ALIP de BAPAUME :Récit d’un naufrage annoncé

 

Si nous prenons la plume aujourd’hui, c’est parce que nous sommes virtuellement 6 CPIP sur un potentiel de 10, mais dont une est en congés maternité jusqu’à la fin de l’année et une autre le sera incessamment.

C’est parce que nous avons la charge de 600 détenus dont 80% sont des auteurs d’infractions à caractère sexuel exécutant de lourdes peines.

C’est parce qu’aucun poste n’a été ouvert à la dernière CAP des titulaires, ni proposé aux sortants d’école alors même que nos difficultés existaient déjà et que leur aggravation était prévisible. En plus de cela, une collègue a obtenu sa mutation et la personne qui devait la remplacer ne prendra pas son poste suite à l’obtention d’un concours.

En septembre 2012, suite à un appel à l’aide des collègues du service qui se retrouvaient à trois sur un potentiel de 10 CPIP et avec une seule secrétaire suite au départ de nombreux collègues en mutation, seules 2 stagiaires préaffectées ont été nommées sur l’ALIP de Bapaume.

Après deux retours de congés maternité, le service s’est retrouvé, temporairement, à 5 CPIP titulaires et 2 préaffectés sur 10.L’une d’entre nous a muté à la CAP 2014, et a été remplacée par le jeu des tiroirs. La même année, trois postes ont été proposés aux sortants d’école, mais aucun n’a été pourvu. Nos difficultés existent donc depuis longtemps.

Nous travaillons dans un Centre de détention qui accueille des personnes détenues ayant des condamnations lourdes à caractère sexuel, souvent assorties de peines complémentaires de suivi socio-judiciaire. Ces condamnations nécessitent un travail approfondi sur les faits. Ce sont souvent des personnes isolées pour qui les démarches sociales pour la réinsertion sont chronophages. Nos partenaires locaux sont peu développés sur le plan social et ces démarches nous prennent beaucoup de temps. 

Les professionnelles que nous sommes sont particulièrement frustrées d’exercer leurs fonctions dans ces conditions. Nous sommes dans l’obligation de gérer l’urgence et ne pouvons pas travailler sur le fond.
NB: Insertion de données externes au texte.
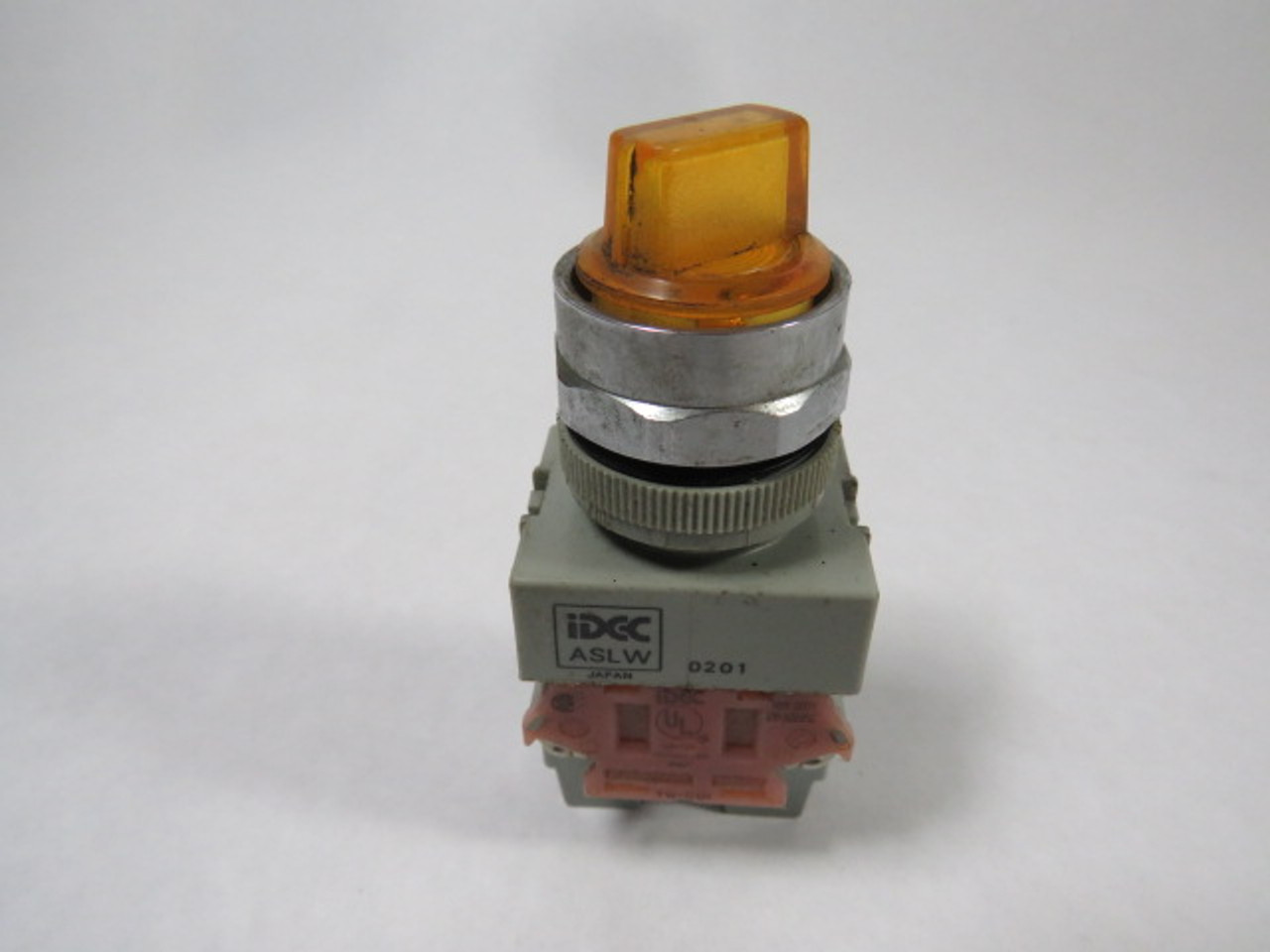 IDEC ASLW29911D-A-12V Amber Illuminated Selector Switch 12V 1NO/1NC USED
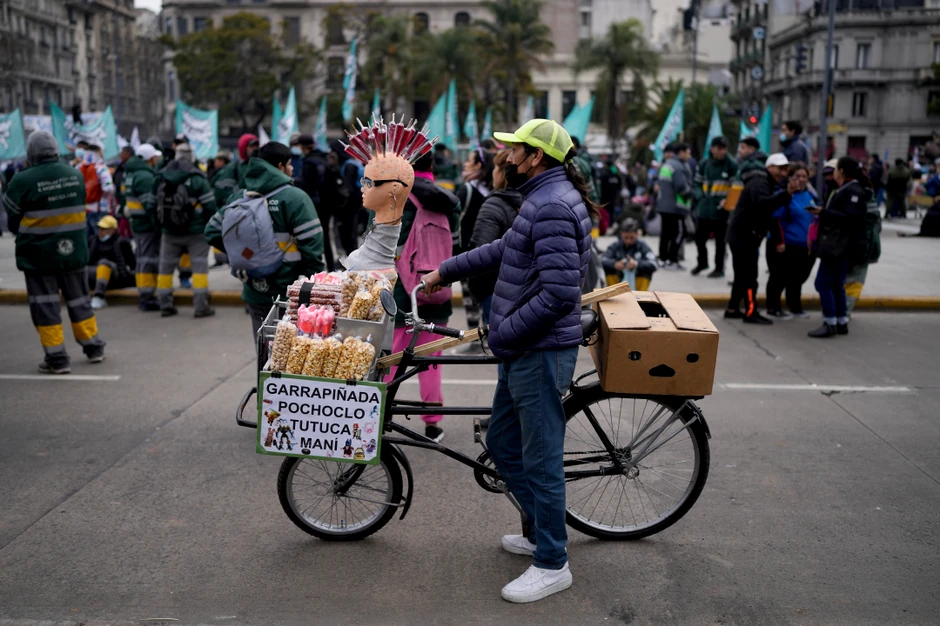 Masovni protesti u Argentini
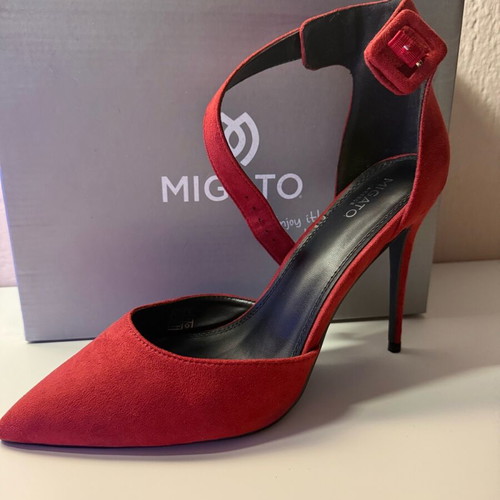 Migato suede red pump new size 41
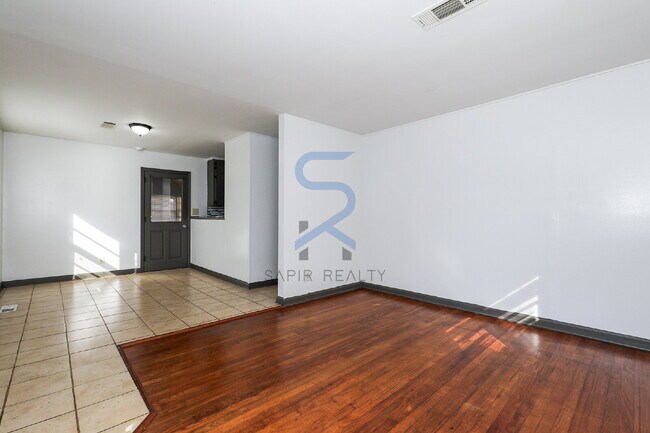 Photo - 1678 Bagpipe Pl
Nous sommes également très concernées par la nécessité de mettre en place des PPR. Mais cela n’est même pas envisageable dans ces conditions.

Comment faire des entretiens approfondis pour chaque détenu alors que nous avons un effectif qui avoisine les 120 personnes détenues et va bientôt les dépasser ? Faut-il omettre de faire des rapports pour les deux CAP mensuelles ? pour le débat contradictoire mensuel ? Pour le passage en Tribunal d’application des peines mensuel ? Pour signaler des personnes nécessitant l’octroi d’une mesure de sûreté ? Faut-il arrêter nos démarches sociales ? Faut-il ne plus participer aux commissions pluridisciplinaires ? Ne plus investir nos champs transversaux ? Ou ne plus recevoir les détenus en entretien ?
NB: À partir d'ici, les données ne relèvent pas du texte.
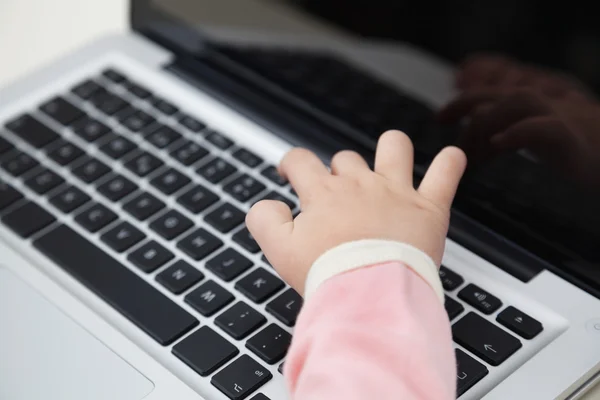 Kızın elini tipik dizüstü klavye — Stok fotoğraf
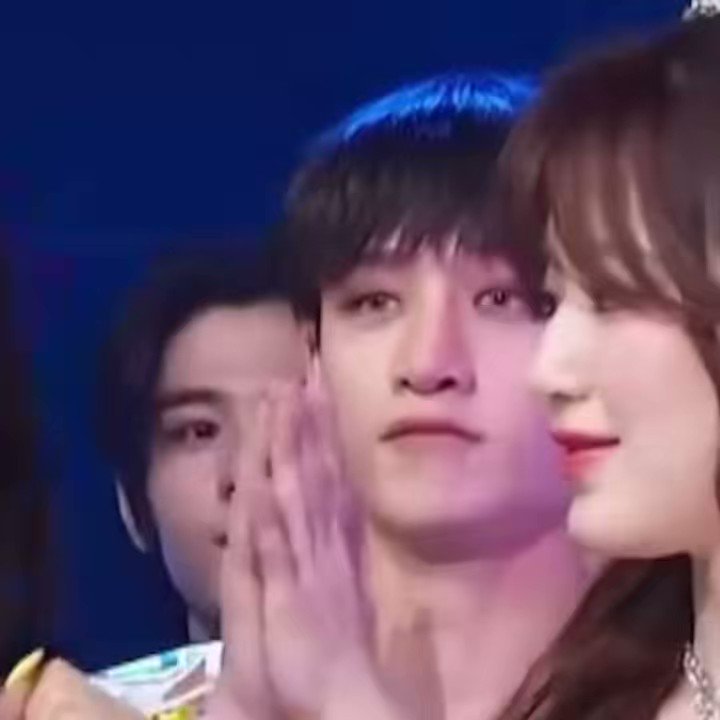 on-twitter-bang-chan-being-his-encouraging-self-clapping-for-gidle-s
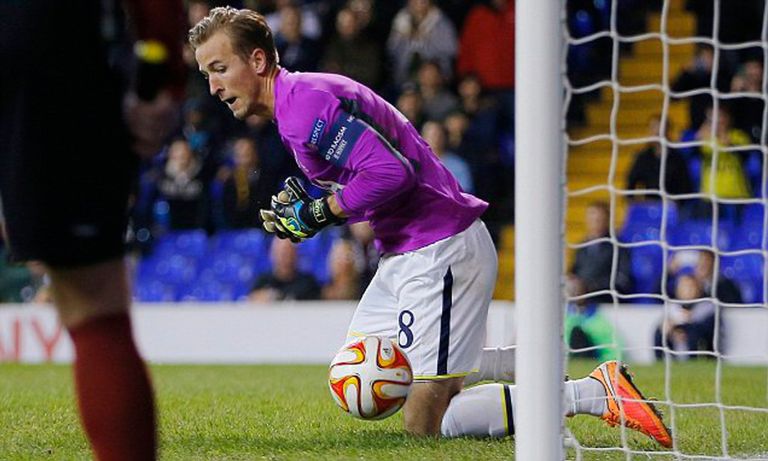 هاري كين في دور حارس المرمى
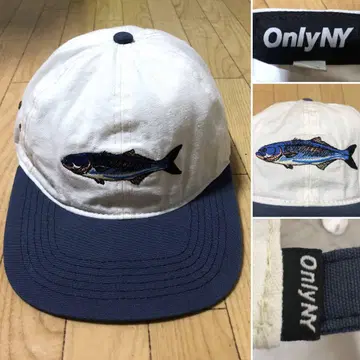 희귀 ONLY NY 물고기 자수 캡 화이트 x 네이비
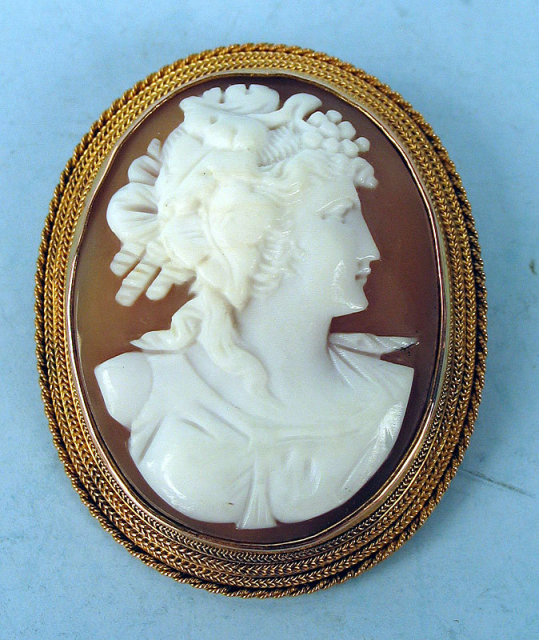 VICTORIAN 14K GOLD CAMEO DATED 1858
Nous sommes aujourd’hui une équipe soudée, ce qui nous permet de ne pas totalement flancher pour le moment. Mais nous ne voyons pas la situation évoluer et cela deviendra bientôt ingérable. Combien de temps allons-nous encore tenir à ce rythme ?

Alors Madame la DFSPIP du Pas de Calais, ne nous oubliez pas, nous, l’ALIP de Bapaume, au fin fond de votre département. Ce n’est pas parce que nous ne nous manifestons pas que tout va bien. C’est simplement que nous n’avons pas le temps de nous manifester.

Mais nous le prenons aujourd’hui car nous souhaitons que vous trouviez une solution rapidement.